戦後国債市場の歴史

戦後、国債が始めて発行されたのは1966年である。東京オリンピック後の不況により、赤字国債が発行された。それまでは高度経済成長に支えられた収支均衡予算が組まれ、国債は発行されなかったが、1966年以降は毎年発行されるようになる。

戦後の国債市場を巡る主な出来事

国債は安定して発行する必要があるため、シンジケート団(以下、シ団)及び大蔵省資金運用部の引受により発行された。シ団とは、国債引受を目的として組織された団体で、銀行や証券会社などほとんどの金融機関がメンバーになった。

また、金融機関が多く保有することを期待されたため、シ団引受分のうち一部は個人や事業法人に売却されたが、ほとんどは金融機関が保有し市場売却は事実上制限されてきた。つまり、流通市場はほとんど存在しなかった。

そして、金融機関引受分は発行後1年経過すると、そのほとんどを日銀が買い取った。個人や事業法人が取得した国債も、売却するには購入した証券会社に買い取ってもらうしかなく、流動性は低かった。1966~1976年の期間は、このように国債は発行されていたものの、流通市場はほとんど発達していなかった。

1971年のニクソンショック、1973年の第1次石油危機などを受け、その後の不況から抜け出すため、1975年以降は国債が大量発行されるようになる(国債大量発行時代)。国債が大量発行されるようになると、全額を日銀で買い取ることができなくなり、金融機関保有分の市中売却ニーズが高まった。

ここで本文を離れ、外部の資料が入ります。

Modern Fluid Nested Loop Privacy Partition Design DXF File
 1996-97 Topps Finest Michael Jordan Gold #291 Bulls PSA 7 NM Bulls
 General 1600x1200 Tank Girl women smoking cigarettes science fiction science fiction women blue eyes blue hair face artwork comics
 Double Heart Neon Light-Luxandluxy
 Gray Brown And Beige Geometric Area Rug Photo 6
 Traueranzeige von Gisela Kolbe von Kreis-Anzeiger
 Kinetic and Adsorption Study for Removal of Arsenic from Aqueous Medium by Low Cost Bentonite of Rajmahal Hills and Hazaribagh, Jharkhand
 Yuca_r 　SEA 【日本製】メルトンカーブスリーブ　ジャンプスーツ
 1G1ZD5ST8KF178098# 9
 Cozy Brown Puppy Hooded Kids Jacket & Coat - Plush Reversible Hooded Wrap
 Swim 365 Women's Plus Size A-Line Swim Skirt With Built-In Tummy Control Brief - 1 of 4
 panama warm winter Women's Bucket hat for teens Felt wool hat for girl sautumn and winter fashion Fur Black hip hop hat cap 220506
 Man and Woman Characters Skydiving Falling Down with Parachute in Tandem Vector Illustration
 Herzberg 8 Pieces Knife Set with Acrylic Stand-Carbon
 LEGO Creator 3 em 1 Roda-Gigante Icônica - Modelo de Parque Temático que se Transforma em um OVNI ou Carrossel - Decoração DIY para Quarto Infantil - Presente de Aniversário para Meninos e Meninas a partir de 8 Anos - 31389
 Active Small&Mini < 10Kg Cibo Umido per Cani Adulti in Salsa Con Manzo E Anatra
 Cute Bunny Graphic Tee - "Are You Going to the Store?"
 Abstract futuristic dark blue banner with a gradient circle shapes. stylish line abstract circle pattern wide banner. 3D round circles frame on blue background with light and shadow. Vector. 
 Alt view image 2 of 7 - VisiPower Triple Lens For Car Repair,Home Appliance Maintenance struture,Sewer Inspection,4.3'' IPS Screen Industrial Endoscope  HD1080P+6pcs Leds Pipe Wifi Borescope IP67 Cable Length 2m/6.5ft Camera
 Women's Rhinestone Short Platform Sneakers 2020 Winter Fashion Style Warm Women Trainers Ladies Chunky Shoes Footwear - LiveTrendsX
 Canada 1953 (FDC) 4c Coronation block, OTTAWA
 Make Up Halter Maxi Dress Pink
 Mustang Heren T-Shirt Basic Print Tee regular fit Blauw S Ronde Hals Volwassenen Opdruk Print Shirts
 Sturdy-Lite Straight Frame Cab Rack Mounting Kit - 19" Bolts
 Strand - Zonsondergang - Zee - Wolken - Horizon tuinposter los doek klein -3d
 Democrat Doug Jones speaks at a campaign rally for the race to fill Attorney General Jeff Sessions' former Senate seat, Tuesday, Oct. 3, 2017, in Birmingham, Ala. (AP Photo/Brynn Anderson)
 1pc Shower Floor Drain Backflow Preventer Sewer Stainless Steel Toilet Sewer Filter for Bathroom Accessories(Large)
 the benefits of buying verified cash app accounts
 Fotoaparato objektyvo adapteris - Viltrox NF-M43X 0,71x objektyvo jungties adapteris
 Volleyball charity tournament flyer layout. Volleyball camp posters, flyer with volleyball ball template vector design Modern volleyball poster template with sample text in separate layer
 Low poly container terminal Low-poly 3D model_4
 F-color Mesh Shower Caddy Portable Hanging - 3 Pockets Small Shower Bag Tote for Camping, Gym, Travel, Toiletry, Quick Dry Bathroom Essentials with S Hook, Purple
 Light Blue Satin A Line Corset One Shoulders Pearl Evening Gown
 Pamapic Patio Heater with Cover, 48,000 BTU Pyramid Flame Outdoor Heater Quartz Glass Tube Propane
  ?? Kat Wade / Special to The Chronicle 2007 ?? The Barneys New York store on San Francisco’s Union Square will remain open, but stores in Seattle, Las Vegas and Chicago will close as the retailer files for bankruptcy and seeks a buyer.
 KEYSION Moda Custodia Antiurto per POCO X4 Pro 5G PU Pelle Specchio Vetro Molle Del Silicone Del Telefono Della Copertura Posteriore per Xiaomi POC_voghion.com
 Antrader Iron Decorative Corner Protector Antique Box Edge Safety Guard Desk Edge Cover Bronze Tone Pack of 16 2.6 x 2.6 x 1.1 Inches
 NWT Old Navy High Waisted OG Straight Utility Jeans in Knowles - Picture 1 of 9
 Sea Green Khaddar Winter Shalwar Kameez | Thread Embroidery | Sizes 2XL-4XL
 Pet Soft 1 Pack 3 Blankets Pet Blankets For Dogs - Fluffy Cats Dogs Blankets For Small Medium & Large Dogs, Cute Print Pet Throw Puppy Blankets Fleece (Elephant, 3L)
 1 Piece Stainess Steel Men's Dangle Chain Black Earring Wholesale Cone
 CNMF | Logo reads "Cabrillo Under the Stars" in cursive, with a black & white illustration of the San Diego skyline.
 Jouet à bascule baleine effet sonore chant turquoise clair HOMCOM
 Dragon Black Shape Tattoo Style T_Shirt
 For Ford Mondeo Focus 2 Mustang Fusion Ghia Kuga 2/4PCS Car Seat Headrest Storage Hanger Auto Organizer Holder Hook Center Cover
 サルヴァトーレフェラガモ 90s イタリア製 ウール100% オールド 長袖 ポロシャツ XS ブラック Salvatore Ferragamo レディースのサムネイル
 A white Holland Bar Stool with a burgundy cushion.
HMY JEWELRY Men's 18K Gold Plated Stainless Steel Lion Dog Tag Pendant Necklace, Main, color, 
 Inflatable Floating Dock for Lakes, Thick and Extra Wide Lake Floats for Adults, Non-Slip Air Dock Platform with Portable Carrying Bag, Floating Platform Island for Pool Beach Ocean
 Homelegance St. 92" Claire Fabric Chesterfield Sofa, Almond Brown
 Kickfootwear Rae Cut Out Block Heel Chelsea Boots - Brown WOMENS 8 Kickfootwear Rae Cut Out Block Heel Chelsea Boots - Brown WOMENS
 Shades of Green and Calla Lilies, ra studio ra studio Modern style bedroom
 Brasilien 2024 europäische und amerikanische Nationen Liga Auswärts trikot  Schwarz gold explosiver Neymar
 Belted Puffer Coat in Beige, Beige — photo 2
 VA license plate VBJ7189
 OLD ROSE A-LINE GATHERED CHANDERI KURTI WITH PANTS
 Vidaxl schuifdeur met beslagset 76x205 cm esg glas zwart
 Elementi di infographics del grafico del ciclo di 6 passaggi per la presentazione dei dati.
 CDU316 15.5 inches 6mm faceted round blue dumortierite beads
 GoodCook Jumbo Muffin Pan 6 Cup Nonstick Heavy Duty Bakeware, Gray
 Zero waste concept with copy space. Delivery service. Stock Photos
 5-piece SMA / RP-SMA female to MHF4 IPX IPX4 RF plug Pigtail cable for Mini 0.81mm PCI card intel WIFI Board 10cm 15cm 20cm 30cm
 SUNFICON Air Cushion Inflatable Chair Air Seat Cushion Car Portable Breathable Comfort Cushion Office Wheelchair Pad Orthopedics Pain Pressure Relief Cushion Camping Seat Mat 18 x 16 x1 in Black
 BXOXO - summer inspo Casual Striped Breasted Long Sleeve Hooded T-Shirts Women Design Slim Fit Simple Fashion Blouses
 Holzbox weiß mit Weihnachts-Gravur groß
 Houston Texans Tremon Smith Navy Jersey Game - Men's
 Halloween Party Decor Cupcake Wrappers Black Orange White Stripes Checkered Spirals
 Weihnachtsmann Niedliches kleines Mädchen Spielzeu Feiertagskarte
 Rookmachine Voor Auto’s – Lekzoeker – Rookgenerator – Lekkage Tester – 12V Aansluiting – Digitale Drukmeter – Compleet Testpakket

1977年には金融機関保有分のうち、発行後1年経過した国債については市場で売却できるようになった。これをきっかけに、国債流通市場は拡大していった。しかし、この間も金融機関には発行後一定期間の売却制限があったことや、自己保有分を流動化(売却)することが中心であったことなどから、活発な売買が発生するまでにはならなかった。

一方で市場が活発に発展するよう、様々な試みが実施された。国債を大量に消化するためには、投資家ニーズに合う国債を発行する必要がある。そのため、様々な種類の国債が発行された。

1966年に発行された国債は期間7年であったが、1972年には期間10年の国債が発行された。そして、1977年以降は5年割引国債、3年中期国債、2年中期国債、4年中期国債、6年長期国債等、様々な種類の国債が発行されていくことになる(i)。

更に、金融機関が国債引受後、一定期間(1977年当初は1年)を保有しなければならない売却制限期間は、その後徐々に短縮されていく(完全撤廃は1995年)。

また、1983年には金融機関による募集取扱が開始された。これは金融機関の店舗を通じて個人などに国債を販売する仕組みで、より幅広い投資家に国債が売却されることになった。1977~1984年の期間は、このように様々な取組により市場が整備されていった。

1984年に金融機関による国債ディーリングが一部の年限(期間2年未満)において開始され、翌年の1985年には全年限の国債ディーリング(フルディーリング)が開始された。